Good luck with your installation.


----------



## st_o_p (Sep 30, 2003)

Terry Kennedy said:


> If you had DSP (and I agree that is is almost impossible in a US 3er) you'd have a DSP button in your center console. You don't - you have the same sound system as I do.


I do have a button on the center console - but that's the H/K button; I presume that's not the one you're talking about.
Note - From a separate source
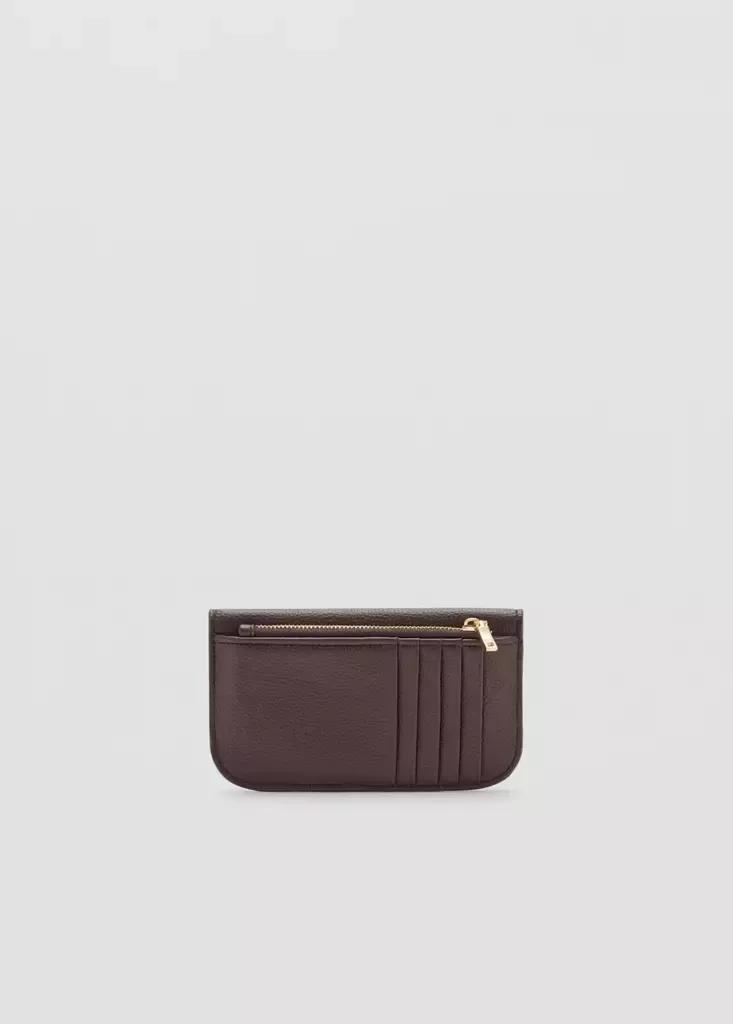 Brown Wallet With Button Flap, Dark Brown, large image number 3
Anyway, I'll take advantage of the offer to come over at your place, Terry. I can use a little help on this one. I'll send you a private msg.


----------



## HW (Dec 24, 2001)

doesn't dsp = h/k


----------



## Terry Kennedy (Sep 21, 2002)

HW said:


> doesn't dsp = h/k


Nope. HK is an upgrade with "better" (or at least different) analog audio components - amp and speakers. DSP is a different system which carries the audio from all the devices (CD changer, etc.) to the head unit and then to the amp as digital SPDIF signals on coax cables. The DSP system also has configurable digital effects like "concert hall" that you can apply to the signals.


----------



## LDV330i (May 24, 2003)

Terry Kennedy said:


> Nope. HK is an upgrade with "better" (or at least different) analog audio components - amp and speakers. DSP is a different system which carries the audio from all the devices (CD changer, etc.) to the head unit and then to the amp as digital SPDIF signals on coax cables. The DSP system also has configurable digital effects like "concert hall" that you can apply to the signals.


From what I understand is that the h/k has a very rudimentary DSP equivalent to the "spatializer" button on your boom box so that there is some minor modification the sound quality. To be able to do this it needs a good stereo source. That is why if you have a weak signal you want to turn it off.

True DSP is not available on the 3 series.


----------